# Carpet snake? Thanks for ID



## headwax (Mar 26, 2015)

Hya,

This fellow is on our deck balustrading 1 story off the ground - must have climbed the tree?
He is living inside the balustrading ? Just saw him this morning - it used to house a yellow bellies tree snake until last year. Saw the yellow belly once a few weeks ago then he vanished. 
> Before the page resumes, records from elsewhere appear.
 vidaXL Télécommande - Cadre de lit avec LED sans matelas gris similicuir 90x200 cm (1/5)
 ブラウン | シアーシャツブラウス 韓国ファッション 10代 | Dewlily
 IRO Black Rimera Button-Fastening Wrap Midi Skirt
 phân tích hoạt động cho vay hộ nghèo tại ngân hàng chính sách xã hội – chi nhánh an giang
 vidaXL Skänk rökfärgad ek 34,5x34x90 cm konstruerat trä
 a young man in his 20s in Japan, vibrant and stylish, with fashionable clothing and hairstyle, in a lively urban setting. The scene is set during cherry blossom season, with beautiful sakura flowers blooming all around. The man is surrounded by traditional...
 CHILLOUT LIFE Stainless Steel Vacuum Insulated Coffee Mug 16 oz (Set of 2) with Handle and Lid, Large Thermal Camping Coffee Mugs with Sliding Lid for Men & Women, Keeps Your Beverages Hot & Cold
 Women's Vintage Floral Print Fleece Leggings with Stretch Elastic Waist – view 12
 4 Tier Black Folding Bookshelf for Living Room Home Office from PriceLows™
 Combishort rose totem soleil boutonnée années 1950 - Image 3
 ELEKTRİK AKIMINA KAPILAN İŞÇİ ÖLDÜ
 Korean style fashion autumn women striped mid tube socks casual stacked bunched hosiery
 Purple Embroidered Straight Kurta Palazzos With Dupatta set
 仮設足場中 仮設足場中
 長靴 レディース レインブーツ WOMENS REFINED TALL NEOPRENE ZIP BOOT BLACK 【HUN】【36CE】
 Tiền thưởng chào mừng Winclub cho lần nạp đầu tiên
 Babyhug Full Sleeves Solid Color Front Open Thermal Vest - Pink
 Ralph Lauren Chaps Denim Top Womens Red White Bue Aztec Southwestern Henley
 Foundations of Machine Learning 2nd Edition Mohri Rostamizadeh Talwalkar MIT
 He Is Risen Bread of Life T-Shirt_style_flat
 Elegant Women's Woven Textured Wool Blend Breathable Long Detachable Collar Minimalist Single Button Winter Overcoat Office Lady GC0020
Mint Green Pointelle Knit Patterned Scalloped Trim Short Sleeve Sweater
Now we have the new snake.









I guess he is a carpet snake but I know nothing about snakes except what I can google.
Thanks for ID - situation is Newcastle NSW on the coastal strip


----------



## Umbral (Mar 26, 2015)

Attachments are invalid.


----------



## Rob (Mar 26, 2015)

Diamond Python. Morelia spilota spilota


----------



## headwax (Mar 26, 2015)

Thank you for that Rob72.! And thanks for fixing the pic  Appreciate your time!

regards

headwax


----------



## arevenant (Mar 26, 2015)

Absolutely gorgeous Diamond.


----------



## Grogshla (Mar 27, 2015)

lovely diamond. So lucky to have one of these cruising around your home!!


----------



## Norm (Mar 28, 2015)

Looks in great condition too, very lucky!


----------



## ronhalling (Aug 5, 2015)

looks more like an intergrade to me  ......................Ron


----------